_Task item_:
From the line with "Caucasian straight brown" to the line with "ShinyGlow Cosmetics Glitter", output every line below exactly, both ends included. Skip the pictures.

_Raw data_:
----

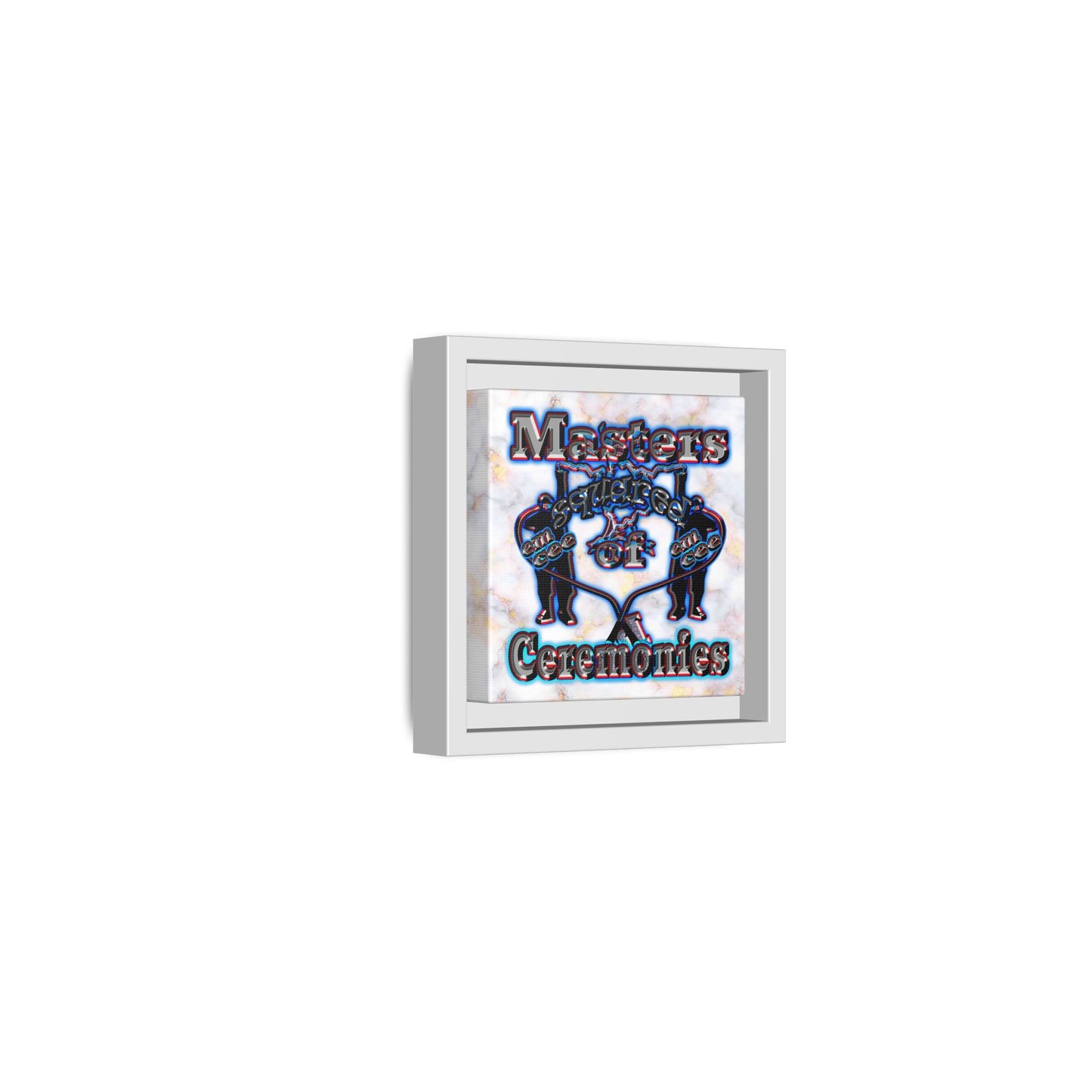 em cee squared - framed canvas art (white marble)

----

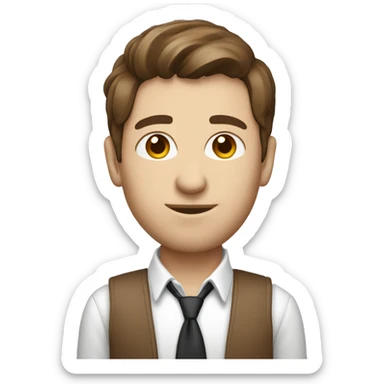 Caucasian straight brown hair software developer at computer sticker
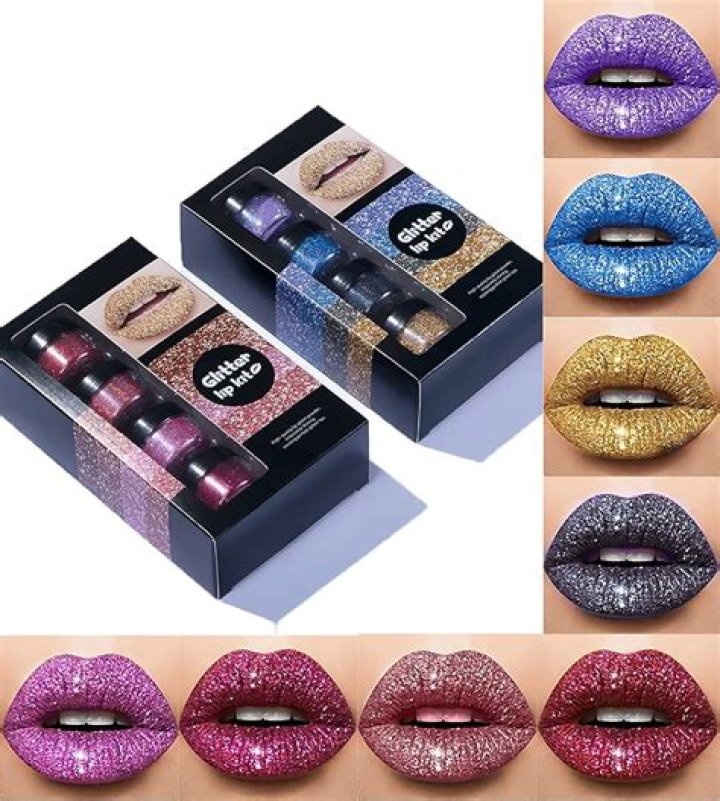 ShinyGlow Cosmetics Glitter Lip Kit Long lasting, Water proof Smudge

----

_Solution to this exercise_:
 Caucasian straight brown hair software developer at computer sticker
 ShinyGlow Cosmetics Glitter Lip Kit Long lasting, Water proof Smudge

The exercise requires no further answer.